Pasaban
ya varías horas de la medianoche. La ciudad se sumía en calma,
interrumpida ocasionalmente por algún vehículo o algún borracho
buscando a ciegas un lugar donde dormirla. En este caso eran Roberto
y Ana quienes paseaban por aquellas callejuelas del casco viejo de la
ciudad. No era el mejor sitio para pasear de noche, pero era una
ocasión especial. Habían salido a celebrar su ascenso, y que mejor
manera que ir con Ana, su amor platónico de toda la vida. Una
barrera tan difícil de romper como lo era bajar la erección que
tenía nada más pensar en su piel de terciopelo y en sus carnosos
labios. Él era bastante tímido, tenía intención de declararse,
pero había bebido alcohol de más aquella noche y dijese lo que
dijese, no saldría bien.
Ella
no parecía pasarlo mal, tenía el ceño medio fruncido pero sonreía
al ver las caras que ponía Roberto al intentar recordar donde
diablos había aparcado. No podía evitar mirarle el culo, su
indisposición le había regalado que Ana le ayudase a caminar
ofreciéndose como apoyo. Y él juraba y perjuraba que aquel culo
podría aguantar los cimientos de una sociedad. Pero temía demasiado
expresar sus sentimientos, tanto que decidió caminar él solo.
Tropezó, obviamente.
Ana
no paraba de reír ante aquella extraña escena. Roberto había
tropezado no una ni dos, si no hasta tres veces con él mismo para
acabar estrellándose en unos cubos de basura del callejón. Maldijo
su suerte e intentó levantarse. Estaba llenó de mierda, ahora
seguro que no era buen momento para tener esa
conversación. Las cuatro letras que componen asco eran insuficientes
para expresar lo que sentía. Ella hacía gestos para que no se
acercase mientras intentaba contener la risa.
Un
grito rompió con el buen ambiente. El cruce ocasional de un coche
había iluminado completamente el callejón y lo que Roberto no pudo
ver por estar de espaldas, sí lo vio Ana. Él se giró asustado. Vio
de donde provenía ese olor, vio las moscas y como no, vio el
cadáver. Le bajó el pedo
tan rápido que se puso completamente blanco y vomitó. El hombre, o
lo quedaba de él estaba junto a los cubos de basura donde había ido
a parar Roberto. Parecía que acababa de perder la vida. Roberto, en
un acto de valentía o más bien de estupidez se acercó para
cerciorarse de que estaba muerto. Puso sus dedos índice y corazón
en el cuello, sobre la aorta. Lo había visto mucho en televisión,
se suponía que debía notar algo, pero definitivamente aquel tipo
estaba acabado.
– Aún está caliente
– murmuró Roberto
– ¿Cómo?
– No hace mucho que
ha muerto
– ¿Ahora eres
forense? - inquirió Ana alterada por la situación – Tenemos que
llamar a la policía... ellos sabrán que hacer.
– ¡Mierda!
- Roberto comenzó a agitarse nervioso y en un acto de estupidez
lanzó su chaqueta.
– ¿Qué te pasa?
– Me he llenado de
sangre – Roberto le mostró las manos y la ropa. Ana se asustó y
comenzó a sollozar desconsoladamente.
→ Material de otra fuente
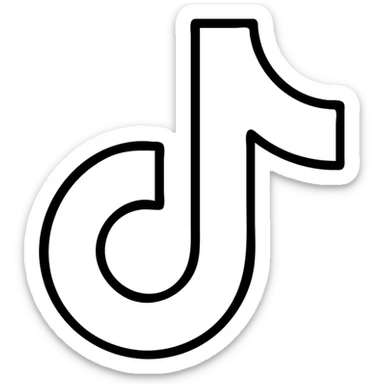 White TikTok logo, simple, clean, just outlines, on transparent background, no frame sticker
Maldijo su suerte de nuevo.
Uno de los tantos
portales, para su mala suerte el que estaba justamente al lado del
callejón, se iluminó. Una respetable mujer salía a sacar la
basura. No le cabía en la cabeza porqué aquella maldita vieja no
había sacado su mierda antes. Se les quedó mirando, y durante unos
pocos segundos dio la sensación de que no los veía, al segundo
después comenzó a gritar buscando socorro. Una reacción normal,
dada la situación. Ana se vio envuelta en algo demasiado inverosímil
para su simple existencia. Comenzó a correr como alma que lleva el
diablo, la muy zorra lo dejó tirado a la primera de cambio. Todo el
amor que una vez sintió por ella se desvaneció y lo único que
quedó fue el deseo de que en su huida se encontrase con el amigo del
cadáver. La mujer seguía gritando.
Como envidiaba a
aquel cadáver, no sentía nada al estar muerto y tampoco tenía que
preocuparse por problemas de mortales, su alma ahora estaría vagando
por el infinito o quizá se había reencarnado en algún tipo de alga
marina. Él debía hacer algo con sus problemas, que por si fuera
poco un cadáver, ahora debía cargar con dos.